PRINT = string token What to display (estimates, correlations, scalefactor, wald, monitoring); default esti, corr, scal
DISTRIBUTION = string token Distribution of response (normal, Poisson, binomial, gamma, inversenormal, negativebinomial); default *
LINK = string token Link function (identity, logarithm, logit, reciprocal, power, squareroot, probit, complementaryloglog, logratio); default *
EXPONENT = scalar Exponent for power link; default -2
TERMS = formula Explanatory variates, factors etc
CONSTANT = string token How to treat constant (estimate, omit); default esti
FACTORIAL = scalar Limit for expansion of model terms; default 3
AGGREGATION = scalar Fixed parameter for negative binomial distribution (parameter k as in variance function var = mean + mean2/k); default 1
KLOGRATIO = scalar Parameter for logratio link, in form log(mean / (mean + k)); default as set in AGGREGATION option
QUADESTIMATION = string token Whether to use quadratic estimation (used, notused); default used
SCALEFACTOR = string token How to calculate the scale factor (fixed, constant, varytime); default varies with distribution, fixed for Poisson, binomial and negative binomial, constant for rest
SFVALUE = scalar Value for scale factor when SCALEFACTOR=fixed; default 1.0 for Poisson and binomial, missing for rest
CRTYPE = string token Form of correlation matrix (independence, unstructured, exchangeable, autoregressive, dependence, antedependence); default *
ORDER = scalar Order in dependence and ante-dependence form of correlation matrix; default 1
TIMEDEPENDENT = string token Whether correlation in dependence model changes with time (no, yes); default no


Y = variates Response variate for each analysis
NBINOMIAL = variates or scalars Denominator in binomial
FITTEDVALUES = variates To store fitted values
RESIDUALS = variates To store residuals
SUBJECT = factors Identifier of subjects
OUTCOME = factors Identifier of outcomes
COUNT = variates Variate of counts of no. outcomes
TIME = factors Times of repeated measures variate
WEIGHT = variates Weight variate
OFFSET = variates Offset variate
SAVE = pointers Structure to save output variables


GEE implements the General Estimating Equation (GEE) methodology of Liang & Zeger (1986) with quadratic estimation for the covariance structure. In the terminology of Liang et al. (1992) the methodology implemented is a form of GEE1. Full details of the implementation are given in Kenward & Smith (1995a). GEE, as implemented here, is a comparatively simple non-likelihood method for fitting marginal models to repeated measurements that can be used when the response has a distribution in the exponential family. This includes the Gaussian distribution, for which the procedure implemented here reduces to a form of the EM algorithm, and then produces exact ML or REML estimates, or a close approximation to these depending on the particular correlation structure chosen. For other distributions the resulting estimates are not maximum likelihood but can be shown to have asymptotic properties familiar from quasi-likelihood, such as consistency and asymptotic normality.

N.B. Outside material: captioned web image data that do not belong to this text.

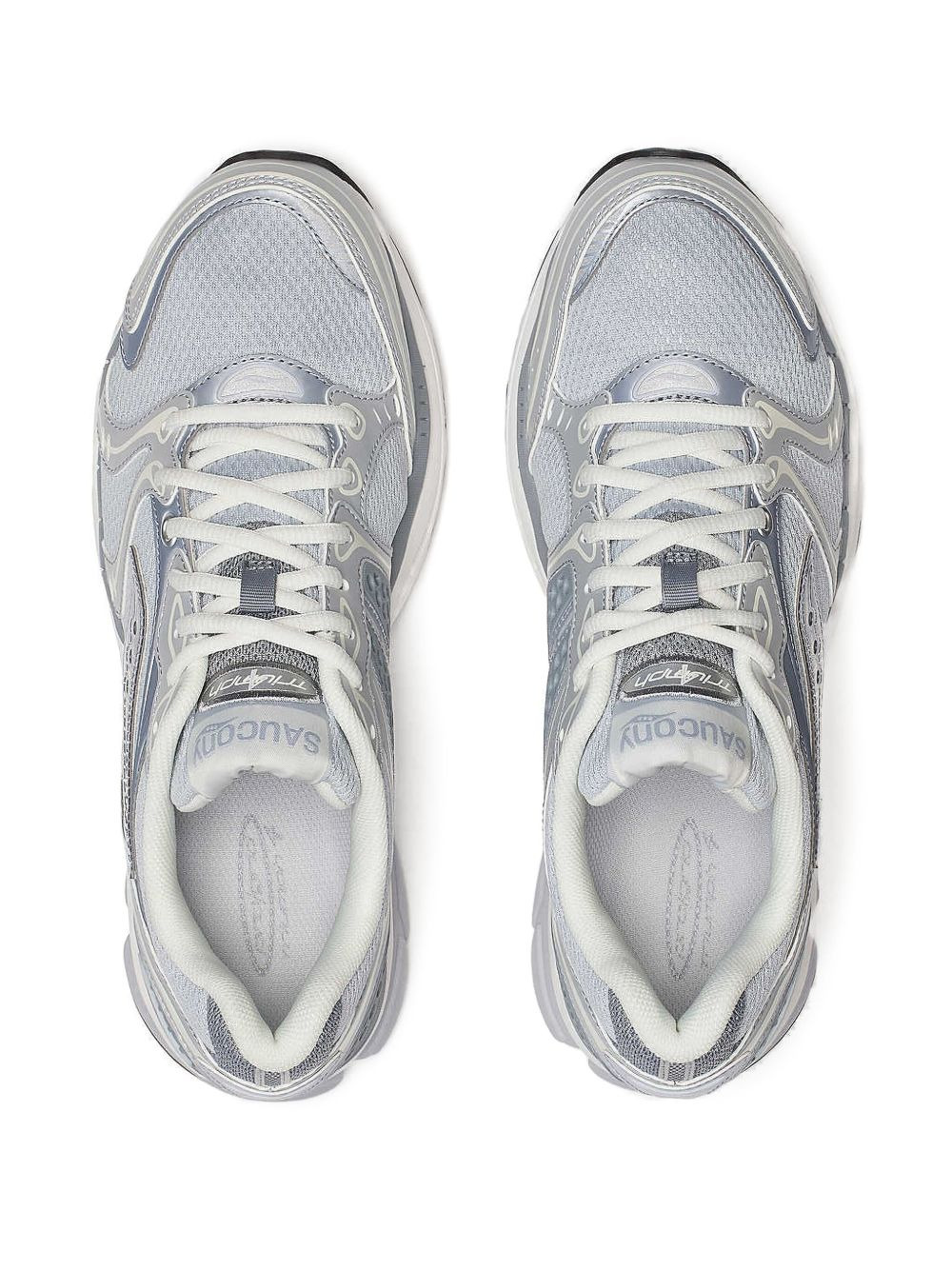 Progrid Triumph 4 perforated-detail sneakers - 4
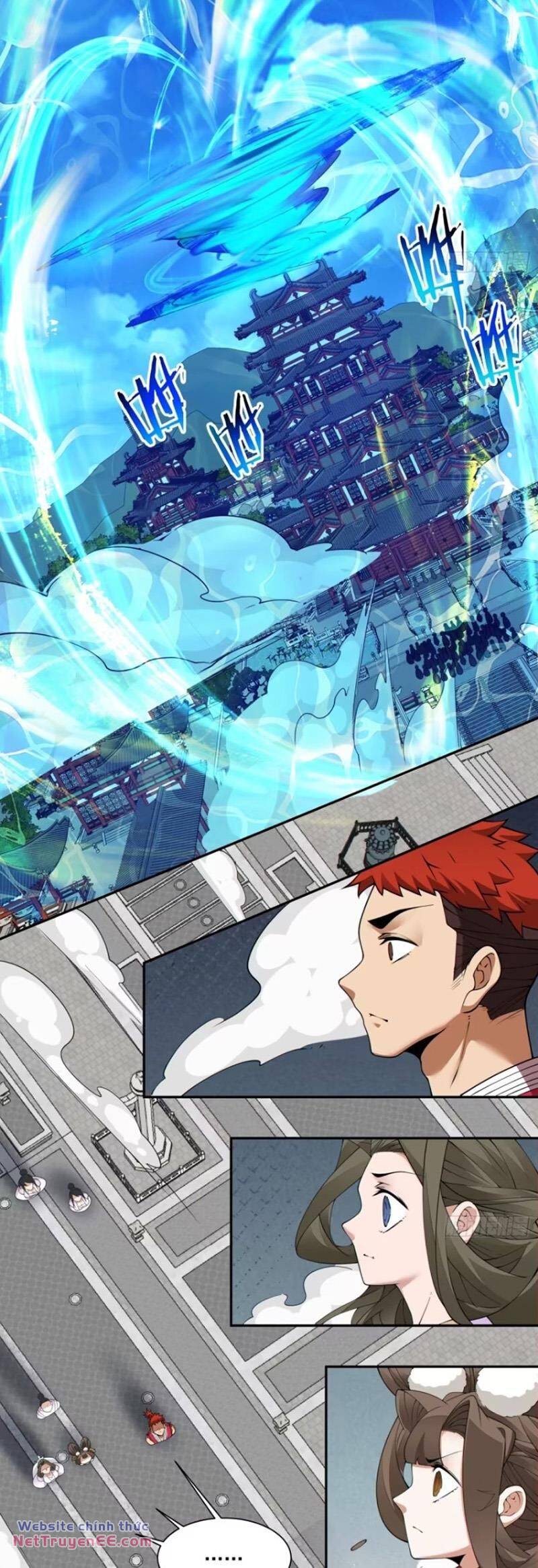 Đồ Đệ Của Ta Đều Là Đại Phản Phái Chapter 207 - Trang 7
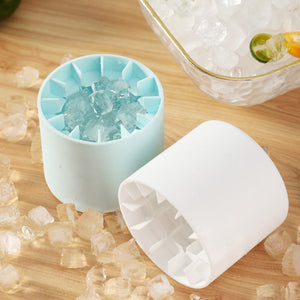 Silicone Ice Cube Maker Cup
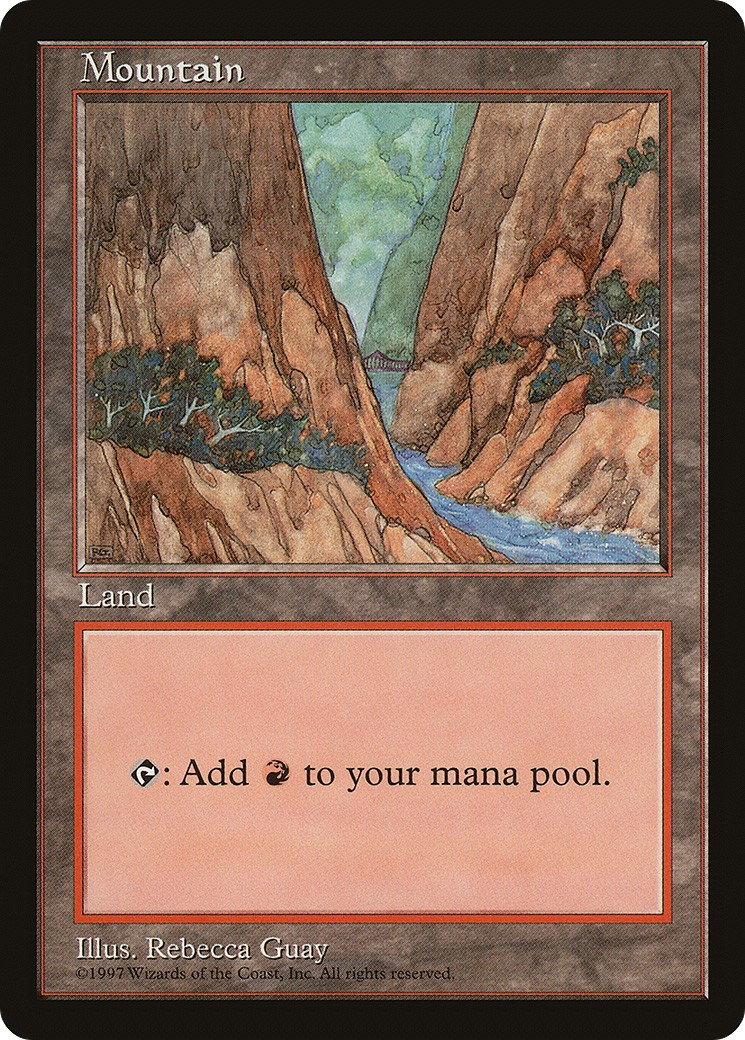 Mountain - Image 1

The standard range of generalized linear models (as in procedure GLM) can be fitted involving a variety of covariance or correlation structures over the times of the repeated measurements. The standard links and distributions can be chosen by setting the options DISTRIBUTION, LINK, EXPONENT, AGGREGATION and KLOGRATIO, as in the MODEL directive. Non-standard ones require the definition of auxiliary procedures to carry out the necessary calculations (see the Method section). The terms in the fitted model are specified by the TERMS option, which may be set to a formula or left unset to fit a null model. The FACTORIAL option (default 3) sets a limit on the number of factors and variates in the terms that are fitted, as in the FIT directive. The CONSTANT option can be used to omit a constant term. Setting the QUADESTIMATION option to used requests the use of quadratic estimation for the data-based covariance or correlation matrix (see Kenward & Smith 1995a). The SCALEFACTOR option specifies the form of scalefactor to be used (fixed to a value specified by the SFVALUE option, constant over times of repeated measurements, or varying over times of repeated measurements). The CRTYPE option specifies the structure of the covariance or correlation matrix over the times of the repeated measurements. The ORDER option specifies the order of the covariance or correlation structures for the dependence and ante-dependence cases, with option TIMEDEPENDENT specifying whether the correlation in a dependence structure changes with the time of the repeated measurement.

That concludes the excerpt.